Big data has over the years gained acceptance as storage for unstructured data such as emails, text files, web pages, digital images, multimedia content, navigation details, and social media posts. In the last few years, the focus has moved to capture structured data such as Customer information, Sales transactions, and Purchase orders in data lakes, replacing conventional Data Warehouses and eliminating 'Transformation' from ETL. The biggest challenge in big data is the problem commonly referred to as "the small file problem".

What is the "small file problem?"

When you ingest data into the data lakes, the driver (usually Hive) stores them as files in HDFS or object storage. Unless you insert large amounts of data, you will end up creating many small files. Small files are a significant bottleneck for distributed query engines as the engines are optimized to consume large volumes of data in single tasks.

Let us explore the considerations that become critical in the success of a big data solution based on the type of data.

Architecture

Unstructured data is ingested (Sqoop, Kafka) and stored (HDFS, Object Storage), and later retrieved using a distributed query engine (Presto, Impala, HiveQL) with relative ease.
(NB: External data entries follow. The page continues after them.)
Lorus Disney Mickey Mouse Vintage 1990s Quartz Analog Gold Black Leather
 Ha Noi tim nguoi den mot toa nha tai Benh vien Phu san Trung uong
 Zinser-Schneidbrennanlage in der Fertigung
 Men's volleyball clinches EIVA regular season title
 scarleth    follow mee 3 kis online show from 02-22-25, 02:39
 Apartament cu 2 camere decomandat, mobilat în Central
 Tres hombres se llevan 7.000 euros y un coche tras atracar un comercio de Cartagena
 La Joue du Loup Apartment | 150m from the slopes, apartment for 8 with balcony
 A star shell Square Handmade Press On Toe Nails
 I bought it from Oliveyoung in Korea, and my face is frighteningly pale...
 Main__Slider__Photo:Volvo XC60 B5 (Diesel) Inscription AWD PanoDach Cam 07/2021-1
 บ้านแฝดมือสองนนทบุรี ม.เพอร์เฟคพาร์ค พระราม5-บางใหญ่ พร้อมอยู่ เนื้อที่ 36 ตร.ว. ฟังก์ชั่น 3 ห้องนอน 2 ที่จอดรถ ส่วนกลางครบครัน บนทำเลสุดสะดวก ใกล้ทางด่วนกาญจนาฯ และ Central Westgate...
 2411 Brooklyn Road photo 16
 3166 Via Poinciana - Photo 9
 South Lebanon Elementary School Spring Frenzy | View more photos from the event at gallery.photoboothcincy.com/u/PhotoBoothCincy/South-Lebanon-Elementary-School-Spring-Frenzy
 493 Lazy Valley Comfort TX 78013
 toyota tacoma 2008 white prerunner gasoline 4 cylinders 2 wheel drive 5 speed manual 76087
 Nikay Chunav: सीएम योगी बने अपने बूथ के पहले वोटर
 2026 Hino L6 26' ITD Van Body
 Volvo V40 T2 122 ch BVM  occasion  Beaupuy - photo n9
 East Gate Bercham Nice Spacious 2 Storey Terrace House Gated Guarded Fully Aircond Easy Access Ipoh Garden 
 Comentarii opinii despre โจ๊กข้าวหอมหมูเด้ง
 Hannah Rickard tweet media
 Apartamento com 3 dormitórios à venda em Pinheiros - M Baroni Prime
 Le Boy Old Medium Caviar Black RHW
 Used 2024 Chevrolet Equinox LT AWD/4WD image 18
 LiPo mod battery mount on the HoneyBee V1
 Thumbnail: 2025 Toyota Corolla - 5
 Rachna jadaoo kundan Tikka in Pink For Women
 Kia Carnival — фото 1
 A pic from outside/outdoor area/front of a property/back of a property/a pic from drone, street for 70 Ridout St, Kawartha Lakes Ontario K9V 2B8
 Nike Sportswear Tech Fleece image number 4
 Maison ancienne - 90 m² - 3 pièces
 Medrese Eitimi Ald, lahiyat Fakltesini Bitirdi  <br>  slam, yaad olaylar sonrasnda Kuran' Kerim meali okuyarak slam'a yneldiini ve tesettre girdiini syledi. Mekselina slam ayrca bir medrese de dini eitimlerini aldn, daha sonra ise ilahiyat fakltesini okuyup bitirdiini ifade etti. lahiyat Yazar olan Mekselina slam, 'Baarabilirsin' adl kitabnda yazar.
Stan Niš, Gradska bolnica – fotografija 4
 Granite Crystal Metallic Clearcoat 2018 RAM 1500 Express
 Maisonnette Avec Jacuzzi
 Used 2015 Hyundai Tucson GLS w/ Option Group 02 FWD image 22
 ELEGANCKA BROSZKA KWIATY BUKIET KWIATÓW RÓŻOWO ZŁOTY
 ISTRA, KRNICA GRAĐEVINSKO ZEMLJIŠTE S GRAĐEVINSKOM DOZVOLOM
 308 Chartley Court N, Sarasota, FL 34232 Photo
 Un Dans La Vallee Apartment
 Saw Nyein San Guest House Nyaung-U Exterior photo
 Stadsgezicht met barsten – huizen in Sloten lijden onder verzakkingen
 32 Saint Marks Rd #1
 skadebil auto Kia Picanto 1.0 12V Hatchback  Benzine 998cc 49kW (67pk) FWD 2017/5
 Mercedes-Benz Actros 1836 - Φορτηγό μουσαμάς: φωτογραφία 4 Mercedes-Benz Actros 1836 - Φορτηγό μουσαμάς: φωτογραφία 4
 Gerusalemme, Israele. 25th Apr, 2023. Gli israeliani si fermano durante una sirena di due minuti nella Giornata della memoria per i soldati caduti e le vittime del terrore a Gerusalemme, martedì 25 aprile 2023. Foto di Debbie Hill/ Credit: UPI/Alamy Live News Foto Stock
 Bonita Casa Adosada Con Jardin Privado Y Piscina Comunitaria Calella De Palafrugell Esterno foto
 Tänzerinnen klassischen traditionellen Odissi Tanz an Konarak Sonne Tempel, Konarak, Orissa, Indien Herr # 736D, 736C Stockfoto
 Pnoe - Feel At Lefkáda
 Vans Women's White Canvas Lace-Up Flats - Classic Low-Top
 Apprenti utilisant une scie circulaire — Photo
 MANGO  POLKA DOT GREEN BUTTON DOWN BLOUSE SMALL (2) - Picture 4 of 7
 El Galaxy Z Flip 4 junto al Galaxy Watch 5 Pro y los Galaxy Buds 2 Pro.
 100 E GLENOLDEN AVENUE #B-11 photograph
For structured data, we not only have to store the data itself, but we also need to store the schema information. We need an additional component in Big Data architecture, a translation layer between the data source and storage, e.g., Hive. Hive has a metadata store using relational databases (Derby, mySQL, Postgres) that captures schema information while storing the data. The same metadata is then also used while querying the data by the query engine.

Partitions

Relational databases feature indexes to optimize query performance. Big data does not have indices and rely on partitions to optimize data retrieval. The unstructured data, since it does not have data elements, be it a picture or a multimedia file, the partition will be a data attribute such as time and or geolocation. For structured data, since it consists of multiple data elements, the partition and data attributes can be on any data element such as Sales Order Ship-from location, Customer credit Category, and Ship-to-region. A suitable partition basis from the different set of partition basises available for structured and unstructured data forms part of the optimization strategy.

Data Consolidation

Having picked an excellent partition key based on the right size of data volume, we must ensure that every insert consolidates into as few files as possible. Hence an 'Append' functionality is critical for structured data. We have a certain number of records in a table, and with new transactions flowing in, we need to add the recent transactions to the table or 'Append' them to the existing file. For structured data using Hive, the ability to consolidate the data exists out of the box for HDFS storage. For object storage, the consolidation needs to happen during ingest using in-memory processing with Spark or use a Delta lake strategy after ingest.

Number of Partitions/ Partition Key

The partition key is the basis for the creation of partitions used for storing the data. Structured data can have data elements as partition keys and usually results in a large number of partitions. On the other hand, unstructured data have partitions based on the data attributes and have fewer partitions. The large number of partitions impact performance adversely. For structured data, to ensure optimal performance, an optimization strategy is required to minimize the number of partitions associated with structured data.

Query and File Formats

In the Big data world, we have multiple options such as Parquet for columnar storage, AVRO for Row-based, and ORC for row and column storage. Query needs for Unstructured and structured data vary. You query unstructured data as a single data - a picture, a music track, or an aggregation query, i.e., all social media posts from geolocation. Structured data will have aggregation queries, e.g., the sum of amount for all Sales orders, or some / all data elements consisting of a record, e.g., Sales order number, customer, Item, Price, discount. File format such as parquet would be suitable for aggregation queries and unstructured data, while ORC is better suited for structured data to get the best of both worlds.